▶ **TASK TO COMPLETE**
The entries below should be transcribed exactly, every one of them.

-- Opening Marker --

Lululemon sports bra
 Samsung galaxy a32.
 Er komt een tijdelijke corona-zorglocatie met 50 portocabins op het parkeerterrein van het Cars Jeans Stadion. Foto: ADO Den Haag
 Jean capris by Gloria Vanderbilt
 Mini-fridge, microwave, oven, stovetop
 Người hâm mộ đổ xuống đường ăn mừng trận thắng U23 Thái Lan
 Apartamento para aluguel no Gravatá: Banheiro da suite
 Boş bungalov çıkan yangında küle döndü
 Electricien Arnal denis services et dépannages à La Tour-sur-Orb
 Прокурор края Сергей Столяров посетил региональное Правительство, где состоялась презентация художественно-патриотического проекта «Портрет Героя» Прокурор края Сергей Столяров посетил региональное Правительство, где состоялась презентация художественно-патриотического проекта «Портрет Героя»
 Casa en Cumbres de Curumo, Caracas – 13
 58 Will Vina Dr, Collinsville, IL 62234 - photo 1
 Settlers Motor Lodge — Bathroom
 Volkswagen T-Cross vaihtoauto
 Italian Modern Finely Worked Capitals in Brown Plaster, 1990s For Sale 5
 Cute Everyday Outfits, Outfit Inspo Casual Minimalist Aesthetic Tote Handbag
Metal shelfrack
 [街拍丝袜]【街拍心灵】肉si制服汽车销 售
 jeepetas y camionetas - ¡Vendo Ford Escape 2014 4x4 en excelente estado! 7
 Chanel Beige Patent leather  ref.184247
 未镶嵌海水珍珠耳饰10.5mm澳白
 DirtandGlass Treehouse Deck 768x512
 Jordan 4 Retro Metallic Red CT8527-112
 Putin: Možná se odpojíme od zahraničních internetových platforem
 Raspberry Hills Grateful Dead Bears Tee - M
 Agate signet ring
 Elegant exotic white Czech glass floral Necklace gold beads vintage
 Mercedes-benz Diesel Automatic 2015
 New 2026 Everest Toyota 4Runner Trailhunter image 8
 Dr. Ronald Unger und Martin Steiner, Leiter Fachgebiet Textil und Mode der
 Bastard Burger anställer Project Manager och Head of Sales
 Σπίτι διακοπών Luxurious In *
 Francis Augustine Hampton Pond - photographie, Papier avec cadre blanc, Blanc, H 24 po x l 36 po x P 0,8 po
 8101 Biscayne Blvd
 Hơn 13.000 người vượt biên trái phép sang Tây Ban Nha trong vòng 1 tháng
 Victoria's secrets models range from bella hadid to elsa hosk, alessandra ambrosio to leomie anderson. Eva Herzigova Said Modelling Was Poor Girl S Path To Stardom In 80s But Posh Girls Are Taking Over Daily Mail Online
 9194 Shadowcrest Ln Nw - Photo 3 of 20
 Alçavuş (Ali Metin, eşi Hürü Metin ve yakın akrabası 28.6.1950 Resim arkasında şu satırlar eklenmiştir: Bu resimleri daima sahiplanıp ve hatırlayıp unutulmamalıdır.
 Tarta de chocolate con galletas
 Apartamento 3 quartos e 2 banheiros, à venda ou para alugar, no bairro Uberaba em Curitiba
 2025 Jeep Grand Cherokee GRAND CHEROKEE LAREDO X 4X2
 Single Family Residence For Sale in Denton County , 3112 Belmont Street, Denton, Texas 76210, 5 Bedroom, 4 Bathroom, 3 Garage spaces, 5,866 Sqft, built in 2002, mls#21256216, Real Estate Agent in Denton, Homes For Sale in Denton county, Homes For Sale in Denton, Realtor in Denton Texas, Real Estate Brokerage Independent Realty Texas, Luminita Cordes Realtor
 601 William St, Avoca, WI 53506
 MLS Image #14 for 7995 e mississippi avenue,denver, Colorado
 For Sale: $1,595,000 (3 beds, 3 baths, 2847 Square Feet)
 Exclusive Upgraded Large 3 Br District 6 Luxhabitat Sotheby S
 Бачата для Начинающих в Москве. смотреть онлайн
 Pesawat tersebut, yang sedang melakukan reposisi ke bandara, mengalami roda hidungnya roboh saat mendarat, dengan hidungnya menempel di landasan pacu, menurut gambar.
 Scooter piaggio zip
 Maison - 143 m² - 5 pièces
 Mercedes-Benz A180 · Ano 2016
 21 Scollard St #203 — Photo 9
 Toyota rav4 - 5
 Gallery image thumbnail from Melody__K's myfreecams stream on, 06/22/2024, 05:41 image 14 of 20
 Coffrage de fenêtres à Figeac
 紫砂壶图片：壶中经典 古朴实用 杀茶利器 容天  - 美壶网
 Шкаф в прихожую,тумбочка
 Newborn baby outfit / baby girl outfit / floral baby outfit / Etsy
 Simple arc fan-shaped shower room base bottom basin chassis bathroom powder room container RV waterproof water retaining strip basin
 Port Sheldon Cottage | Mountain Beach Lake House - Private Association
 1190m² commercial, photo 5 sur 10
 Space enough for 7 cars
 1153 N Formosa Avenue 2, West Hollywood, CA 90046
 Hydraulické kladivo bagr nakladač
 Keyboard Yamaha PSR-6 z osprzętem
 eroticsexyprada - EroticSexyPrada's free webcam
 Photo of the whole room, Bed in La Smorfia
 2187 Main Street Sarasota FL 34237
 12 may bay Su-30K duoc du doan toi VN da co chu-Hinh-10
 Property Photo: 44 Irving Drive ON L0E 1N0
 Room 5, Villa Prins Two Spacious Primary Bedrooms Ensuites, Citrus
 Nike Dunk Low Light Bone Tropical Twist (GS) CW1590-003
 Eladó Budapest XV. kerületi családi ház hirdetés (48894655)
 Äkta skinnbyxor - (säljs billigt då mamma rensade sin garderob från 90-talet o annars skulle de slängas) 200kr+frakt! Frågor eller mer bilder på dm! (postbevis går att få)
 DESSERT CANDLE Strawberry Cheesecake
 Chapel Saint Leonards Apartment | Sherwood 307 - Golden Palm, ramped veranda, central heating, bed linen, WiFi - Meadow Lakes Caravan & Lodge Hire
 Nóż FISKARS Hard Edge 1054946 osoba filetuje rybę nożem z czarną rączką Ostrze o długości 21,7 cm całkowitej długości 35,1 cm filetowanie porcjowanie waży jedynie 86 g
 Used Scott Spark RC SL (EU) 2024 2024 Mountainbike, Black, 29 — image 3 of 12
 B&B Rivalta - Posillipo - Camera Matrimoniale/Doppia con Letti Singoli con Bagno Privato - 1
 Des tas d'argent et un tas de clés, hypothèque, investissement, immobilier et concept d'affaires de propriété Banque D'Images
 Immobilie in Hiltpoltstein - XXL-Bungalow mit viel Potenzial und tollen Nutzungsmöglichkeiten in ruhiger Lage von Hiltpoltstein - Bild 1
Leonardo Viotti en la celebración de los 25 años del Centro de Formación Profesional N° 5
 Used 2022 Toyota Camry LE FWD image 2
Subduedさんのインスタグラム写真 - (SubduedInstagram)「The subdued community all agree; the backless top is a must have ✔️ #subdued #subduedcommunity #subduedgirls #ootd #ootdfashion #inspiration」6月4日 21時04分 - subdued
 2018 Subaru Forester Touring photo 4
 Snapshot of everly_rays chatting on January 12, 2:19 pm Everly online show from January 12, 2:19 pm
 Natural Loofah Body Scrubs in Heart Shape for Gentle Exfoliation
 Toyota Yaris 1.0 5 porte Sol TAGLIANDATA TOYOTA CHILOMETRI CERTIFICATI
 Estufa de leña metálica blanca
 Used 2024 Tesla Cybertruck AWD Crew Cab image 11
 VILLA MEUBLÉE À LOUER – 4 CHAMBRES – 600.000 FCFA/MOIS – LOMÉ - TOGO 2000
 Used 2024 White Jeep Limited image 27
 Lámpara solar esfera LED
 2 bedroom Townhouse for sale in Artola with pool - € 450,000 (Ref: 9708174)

-- Closing Marker --

▶ **TASK RESULT**
Lululemon sports bra
 Samsung galaxy a32.
 Er komt een tijdelijke corona-zorglocatie met 50 portocabins op het parkeerterrein van het Cars Jeans Stadion. Foto: ADO Den Haag
 Jean capris by Gloria Vanderbilt
 Mini-fridge, microwave, oven, stovetop
 Người hâm mộ đổ xuống đường ăn mừng trận thắng U23 Thái Lan
 Apartamento para aluguel no Gravatá: Banheiro da suite
 Boş bungalov çıkan yangında küle döndü
 Electricien Arnal denis services et dépannages à La Tour-sur-Orb
 Прокурор края Сергей Столяров посетил региональное Правительство, где состоялась презентация художественно-патриотического проекта «Портрет Героя» Прокурор края Сергей Столяров посетил региональное Правительство, где состоялась презентация художественно-патриотического проекта «Портрет Героя»
 Casa en Cumbres de Curumo, Caracas – 13
 58 Will Vina Dr, Collinsville, IL 62234 - photo 1
 Settlers Motor Lodge — Bathroom
 Volkswagen T-Cross vaihtoauto
 Italian Modern Finely Worked Capitals in Brown Plaster, 1990s For Sale 5
 Cute Everyday Outfits, Outfit Inspo Casual Minimalist Aesthetic Tote Handbag
Metal shelfrack
 [街拍丝袜]【街拍心灵】肉si制服汽车销 售
 jeepetas y camionetas - ¡Vendo Ford Escape 2014 4x4 en excelente estado! 7
 Chanel Beige Patent leather  ref.184247
 未镶嵌海水珍珠耳饰10.5mm澳白
 DirtandGlass Treehouse Deck 768x512
 Jordan 4 Retro Metallic Red CT8527-112
 Putin: Možná se odpojíme od zahraničních internetových platforem
 Raspberry Hills Grateful Dead Bears Tee - M
 Agate signet ring
 Elegant exotic white Czech glass floral Necklace gold beads vintage
 Mercedes-benz Diesel Automatic 2015
 New 2026 Everest Toyota 4Runner Trailhunter image 8
 Dr. Ronald Unger und Martin Steiner, Leiter Fachgebiet Textil und Mode der
 Bastard Burger anställer Project Manager och Head of Sales
 Σπίτι διακοπών Luxurious In *
 Francis Augustine Hampton Pond - photographie, Papier avec cadre blanc, Blanc, H 24 po x l 36 po x P 0,8 po
 8101 Biscayne Blvd
 Hơn 13.000 người vượt biên trái phép sang Tây Ban Nha trong vòng 1 tháng
 Victoria's secrets models range from bella hadid to elsa hosk, alessandra ambrosio to leomie anderson. Eva Herzigova Said Modelling Was Poor Girl S Path To Stardom In 80s But Posh Girls Are Taking Over Daily Mail Online
 9194 Shadowcrest Ln Nw - Photo 3 of 20
 Alçavuş (Ali Metin, eşi Hürü Metin ve yakın akrabası 28.6.1950 Resim arkasında şu satırlar eklenmiştir: Bu resimleri daima sahiplanıp ve hatırlayıp unutulmamalıdır.
 Tarta de chocolate con galletas
 Apartamento 3 quartos e 2 banheiros, à venda ou para alugar, no bairro Uberaba em Curitiba
 2025 Jeep Grand Cherokee GRAND CHEROKEE LAREDO X 4X2
 Single Family Residence For Sale in Denton County , 3112 Belmont Street, Denton, Texas 76210, 5 Bedroom, 4 Bathroom, 3 Garage spaces, 5,866 Sqft, built in 2002, mls#21256216, Real Estate Agent in Denton, Homes For Sale in Denton county, Homes For Sale in Denton, Realtor in Denton Texas, Real Estate Brokerage Independent Realty Texas, Luminita Cordes Realtor
 601 William St, Avoca, WI 53506
 MLS Image #14 for 7995 e mississippi avenue,denver, Colorado
 For Sale: $1,595,000 (3 beds, 3 baths, 2847 Square Feet)
 Exclusive Upgraded Large 3 Br District 6 Luxhabitat Sotheby S
 Бачата для Начинающих в Москве. смотреть онлайн
 Pesawat tersebut, yang sedang melakukan reposisi ke bandara, mengalami roda hidungnya roboh saat mendarat, dengan hidungnya menempel di landasan pacu, menurut gambar.
 Scooter piaggio zip
 Maison - 143 m² - 5 pièces
 Mercedes-Benz A180 · Ano 2016
 21 Scollard St #203 — Photo 9
 Toyota rav4 - 5
 Gallery image thumbnail from Melody__K's myfreecams stream on, 06/22/2024, 05:41 image 14 of 20
 Coffrage de fenêtres à Figeac
 紫砂壶图片：壶中经典 古朴实用 杀茶利器 容天  - 美壶网
 Шкаф в прихожую,тумбочка
 Newborn baby outfit / baby girl outfit / floral baby outfit / Etsy
 Simple arc fan-shaped shower room base bottom basin chassis bathroom powder room container RV waterproof water retaining strip basin
 Port Sheldon Cottage | Mountain Beach Lake House - Private Association
 1190m² commercial, photo 5 sur 10
 Space enough for 7 cars
 1153 N Formosa Avenue 2, West Hollywood, CA 90046
 Hydraulické kladivo bagr nakladač
 Keyboard Yamaha PSR-6 z osprzętem
 eroticsexyprada - EroticSexyPrada's free webcam
 Photo of the whole room, Bed in La Smorfia
 2187 Main Street Sarasota FL 34237
 12 may bay Su-30K duoc du doan toi VN da co chu-Hinh-10
 Property Photo: 44 Irving Drive ON L0E 1N0
 Room 5, Villa Prins Two Spacious Primary Bedrooms Ensuites, Citrus
 Nike Dunk Low Light Bone Tropical Twist (GS) CW1590-003
 Eladó Budapest XV. kerületi családi ház hirdetés (48894655)
 Äkta skinnbyxor - (säljs billigt då mamma rensade sin garderob från 90-talet o annars skulle de slängas) 200kr+frakt! Frågor eller mer bilder på dm! (postbevis går att få)
 DESSERT CANDLE Strawberry Cheesecake
 Chapel Saint Leonards Apartment | Sherwood 307 - Golden Palm, ramped veranda, central heating, bed linen, WiFi - Meadow Lakes Caravan & Lodge Hire
 Nóż FISKARS Hard Edge 1054946 osoba filetuje rybę nożem z czarną rączką Ostrze o długości 21,7 cm całkowitej długości 35,1 cm filetowanie porcjowanie waży jedynie 86 g
 Used Scott Spark RC SL (EU) 2024 2024 Mountainbike, Black, 29 — image 3 of 12
 B&B Rivalta - Posillipo - Camera Matrimoniale/Doppia con Letti Singoli con Bagno Privato - 1
 Des tas d'argent et un tas de clés, hypothèque, investissement, immobilier et concept d'affaires de propriété Banque D'Images
 Immobilie in Hiltpoltstein - XXL-Bungalow mit viel Potenzial und tollen Nutzungsmöglichkeiten in ruhiger Lage von Hiltpoltstein - Bild 1
Leonardo Viotti en la celebración de los 25 años del Centro de Formación Profesional N° 5
 Used 2022 Toyota Camry LE FWD image 2
Subduedさんのインスタグラム写真 - (SubduedInstagram)「The subdued community all agree; the backless top is a must have ✔️ #subdued #subduedcommunity #subduedgirls #ootd #ootdfashion #inspiration」6月4日 21時04分 - subdued
 2018 Subaru Forester Touring photo 4
 Snapshot of everly_rays chatting on January 12, 2:19 pm Everly online show from January 12, 2:19 pm
 Natural Loofah Body Scrubs in Heart Shape for Gentle Exfoliation
 Toyota Yaris 1.0 5 porte Sol TAGLIANDATA TOYOTA CHILOMETRI CERTIFICATI
 Estufa de leña metálica blanca
 Used 2024 Tesla Cybertruck AWD Crew Cab image 11
 VILLA MEUBLÉE À LOUER – 4 CHAMBRES – 600.000 FCFA/MOIS – LOMÉ - TOGO 2000
 Used 2024 White Jeep Limited image 27
 Lámpara solar esfera LED
 2 bedroom Townhouse for sale in Artola with pool - € 450,000 (Ref: 9708174)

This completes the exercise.